Provided entries:
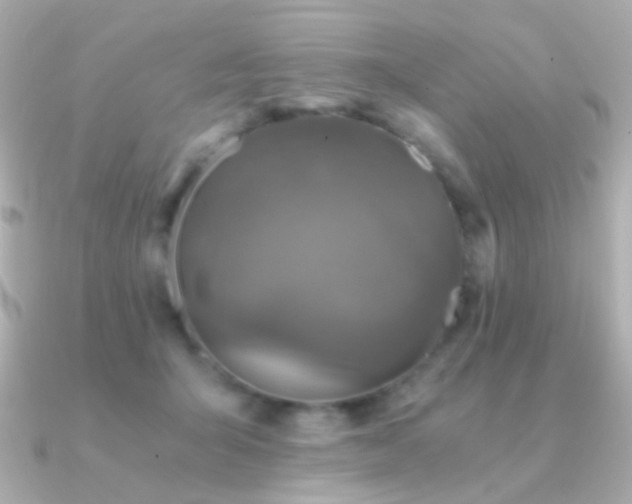 X0000091340415200708101447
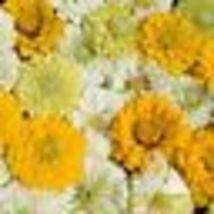 100 Seeds Zinnia LEMON MERINGUE Mix Flowers Pollinators Butterflies Love Non-GMO - £9.59 GBP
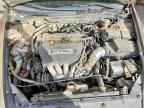 2003 HONDA ACCORD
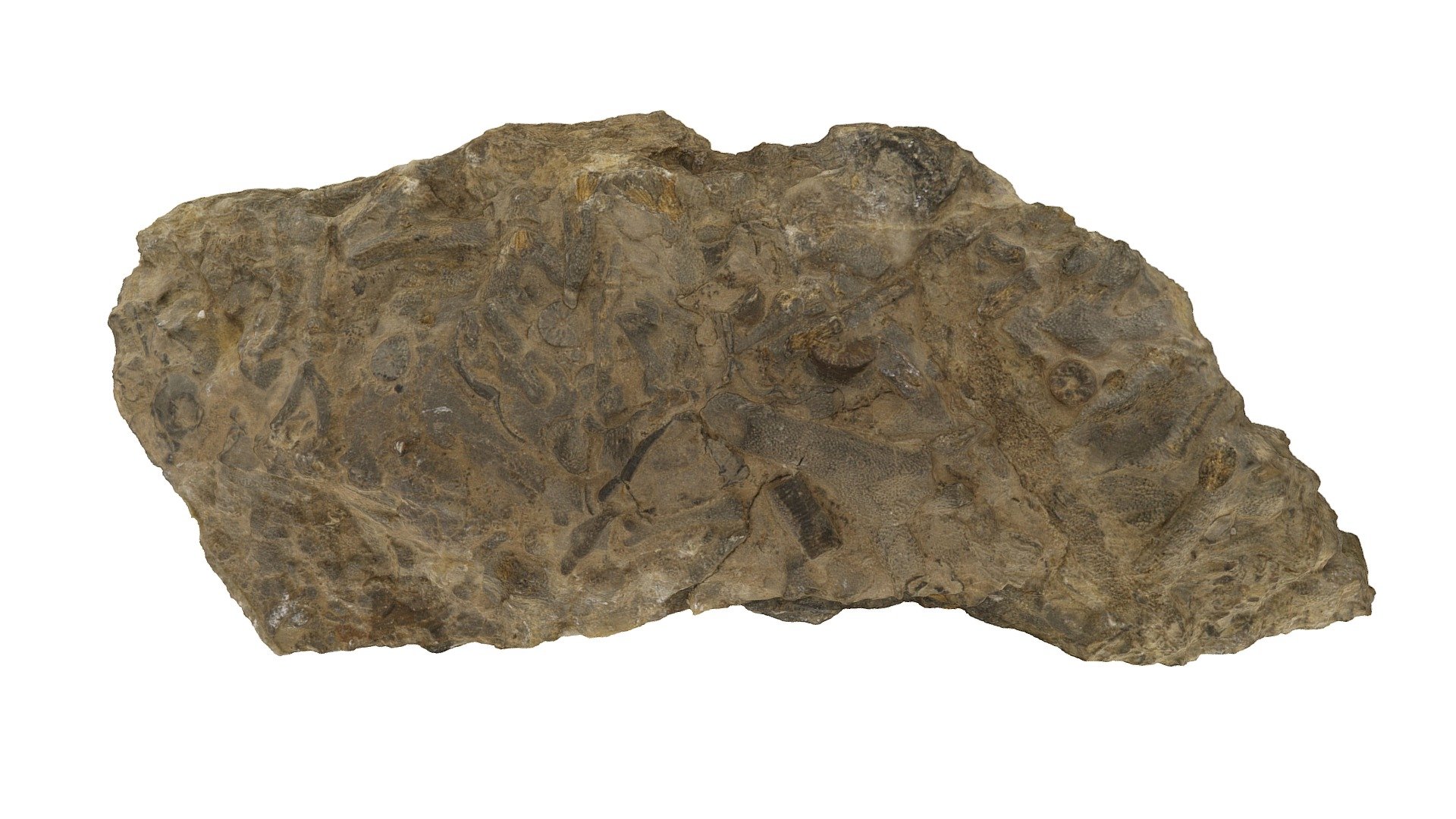 Batostoma poctai 2
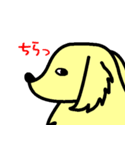 犬のギン（個別スタンプ：17）
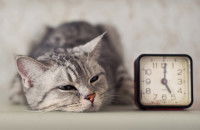 Un chat à moitié endormi allongé à côté d'un réveil-matin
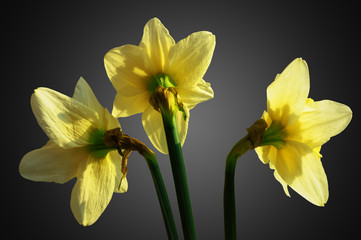 Three flowers of narcissus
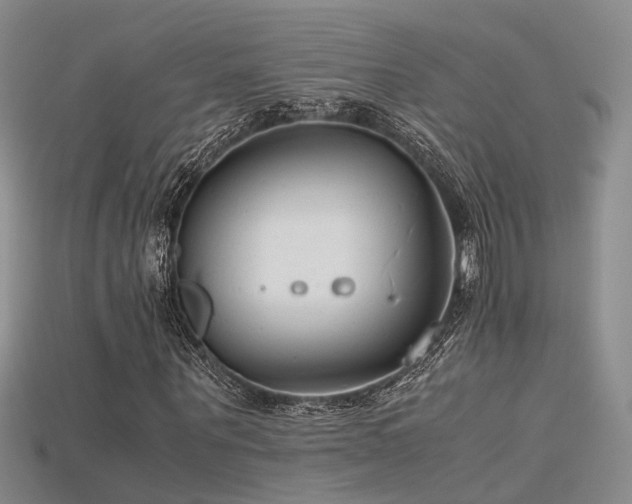X0000115740867200911121535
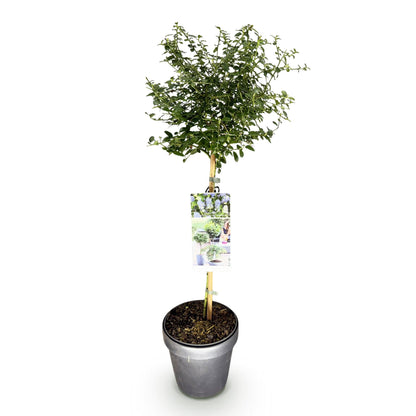 Green boutiQ - Plant op Stam - Ceanothus thyrsiflorus Repens - Terras Plant - Bladhoudend - Winterhard - Paarse Bloem - Pot 19cm Hoogte 90cm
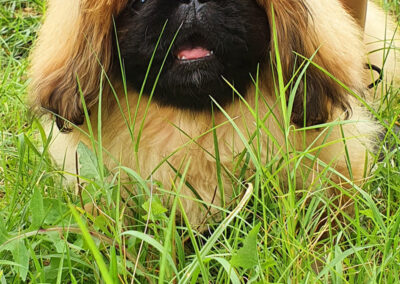 poshpetstravel 21 36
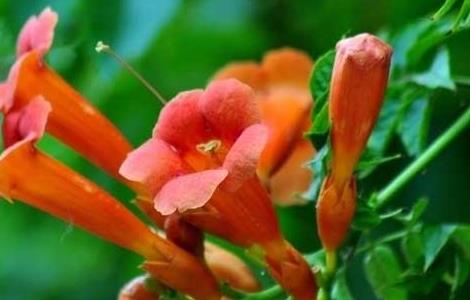 凌霄花的养殖方法 硬骨凌霄花的养殖方法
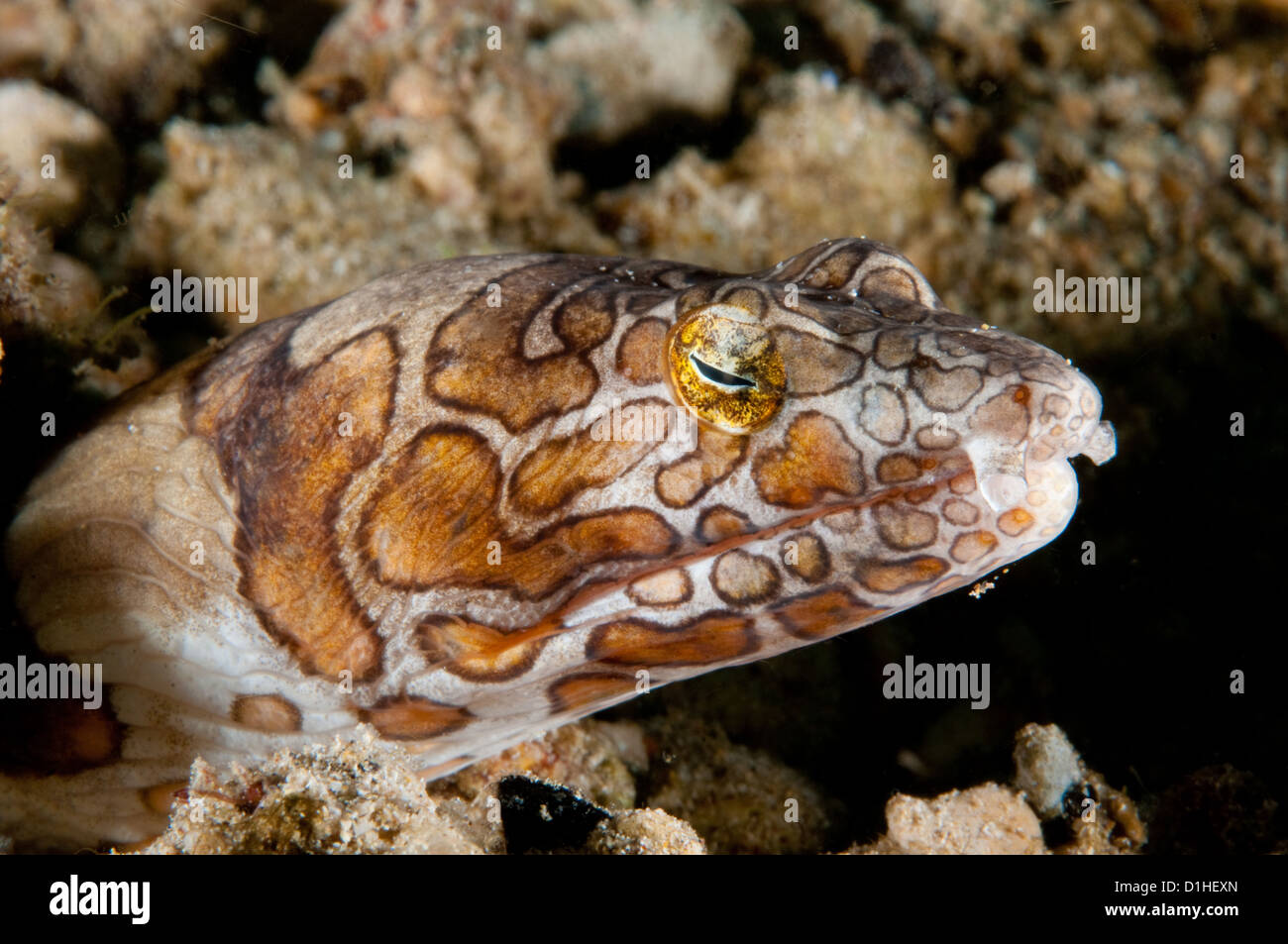 Napoleone Snake anguilla (Ophichthus bonaparti), off Pasar Wajo, tasto Isola, Indonesia Foto Stock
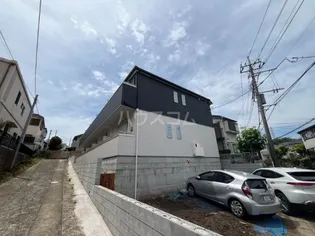 サクラノキタの画像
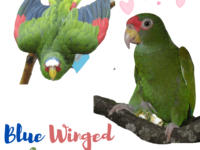Blue Winged Amazon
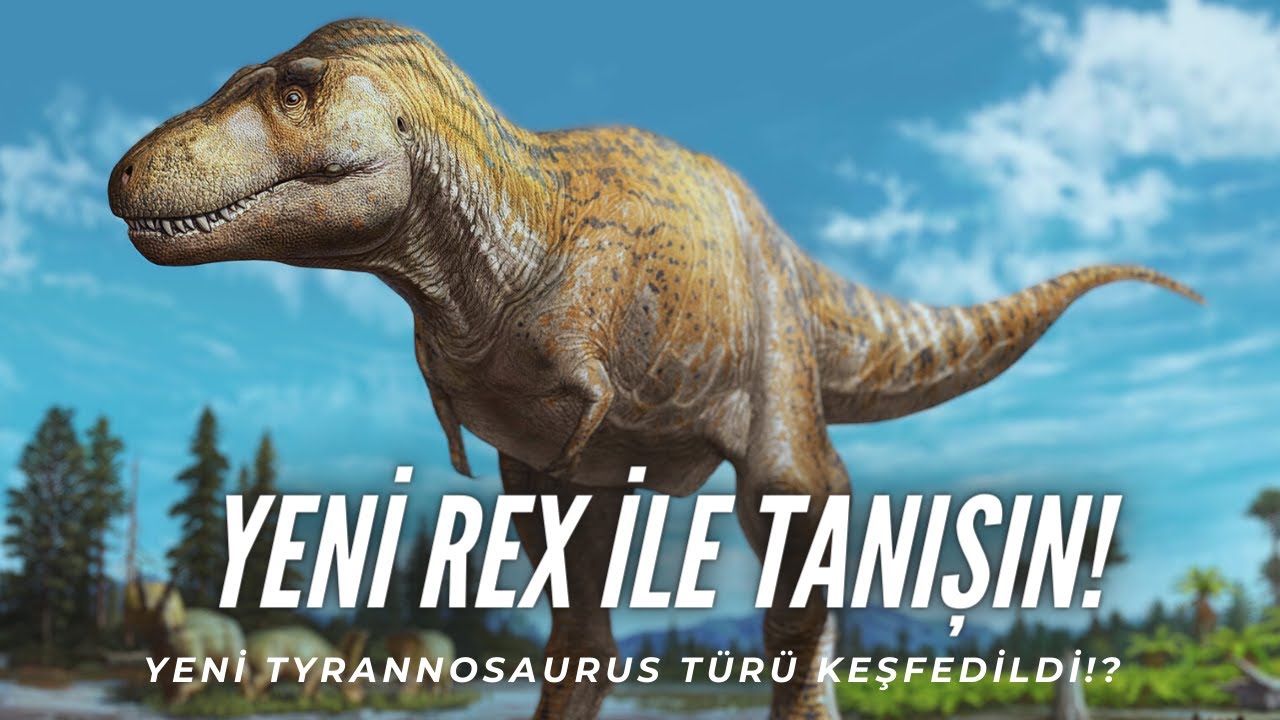 Yeni Tyrannosaurus Türü Keşfedildi!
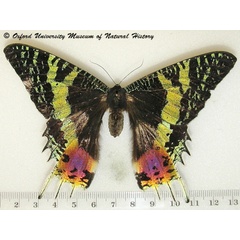 /filer/webapps/moths/media/images/R/rhipheus_Chrysiridia_A_OUMNHa_03.jpg
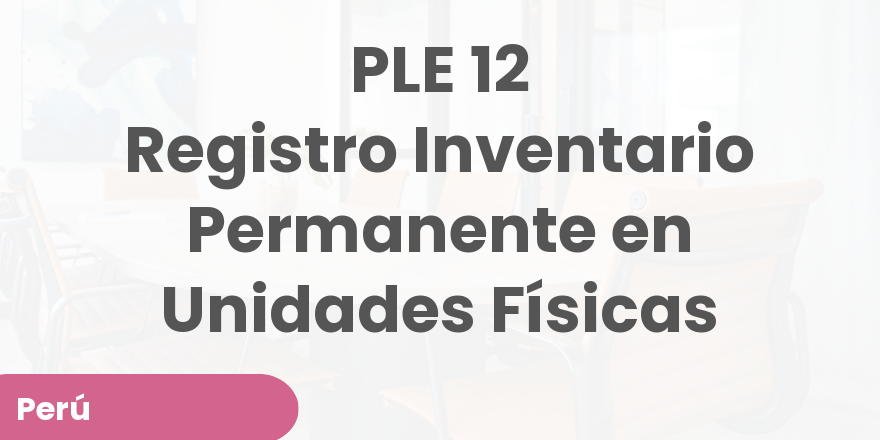 PLE 12 Registro Inventario Permanente en Unidades Físicas (19.0)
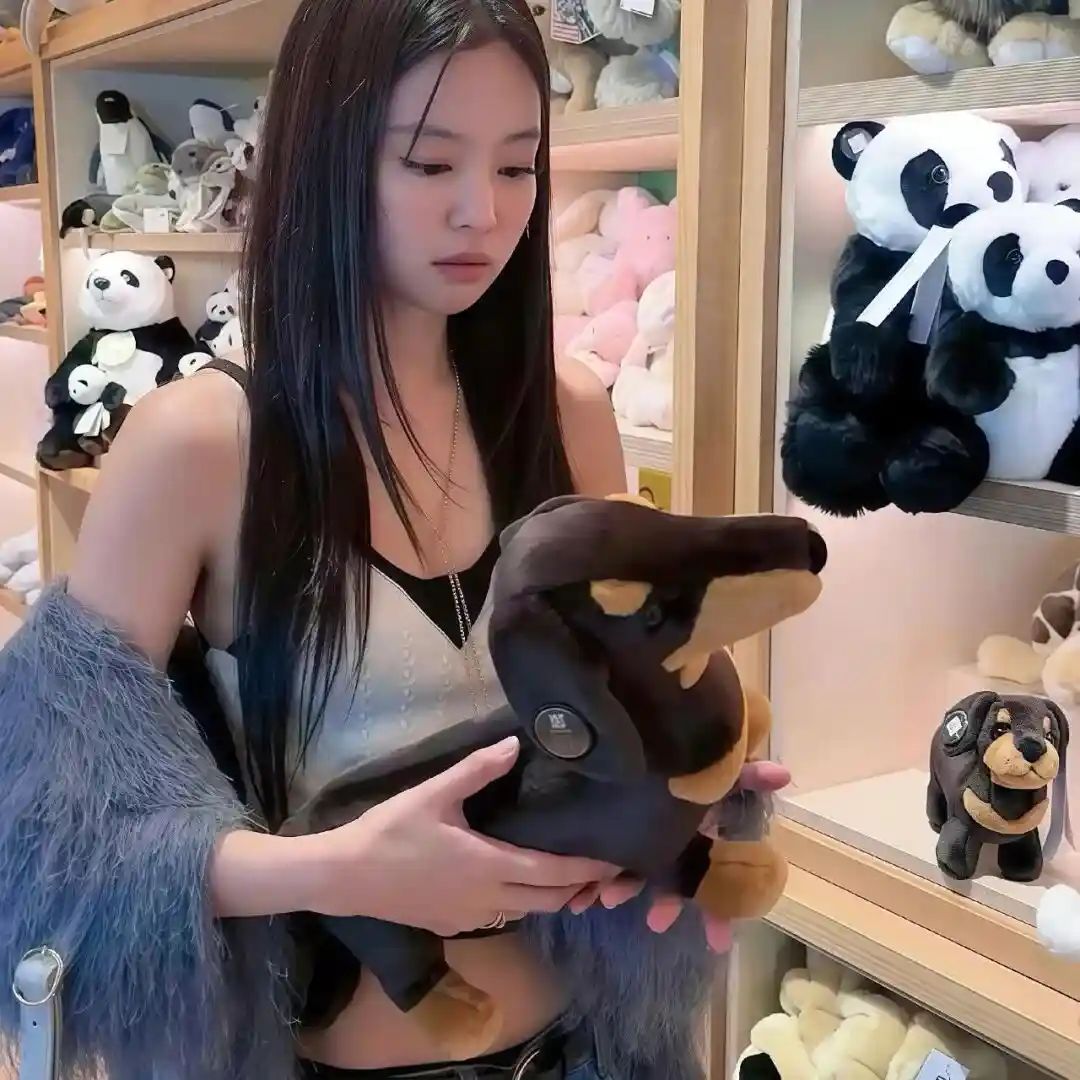 头像｜申请成为你的新头像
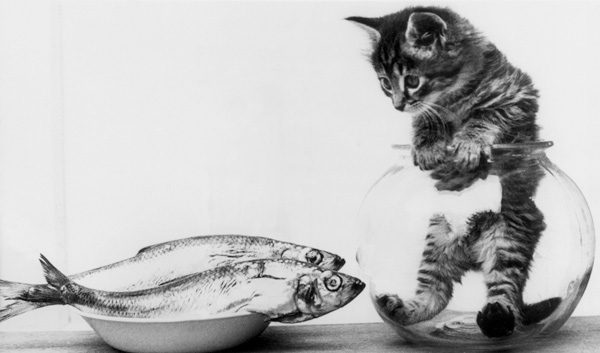Kitten in an aquarium looking at fishes in a plate a 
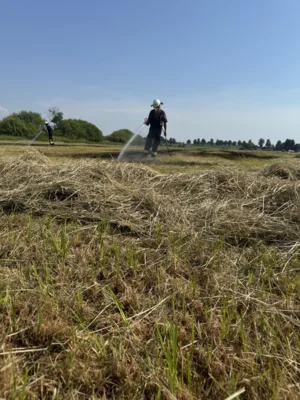 Foto des Albums: B2A - Brennt Rundballenpresse + Vegetation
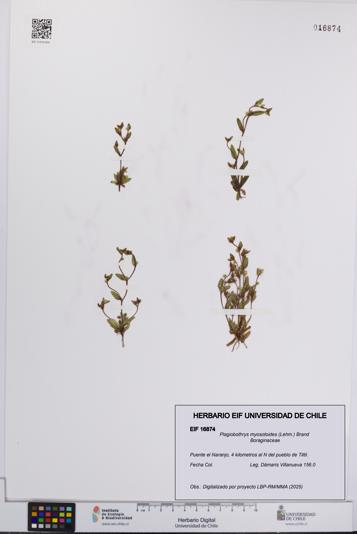 Plagiobothrys myosotoides [Espécimen: UCH:EIF:0016874]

To do: Copy exactly, please, the lines that run from the line holding "头像｜申请成为你的新头像" through the closing line of the material above, omitting every picture.

Reply to the task:
 头像｜申请成为你的新头像
Kitten in an aquarium looking at fishes in a plate a 
 Foto des Albums: B2A - Brennt Rundballenpresse + Vegetation
 Plagiobothrys myosotoides [Espécimen: UCH:EIF:0016874]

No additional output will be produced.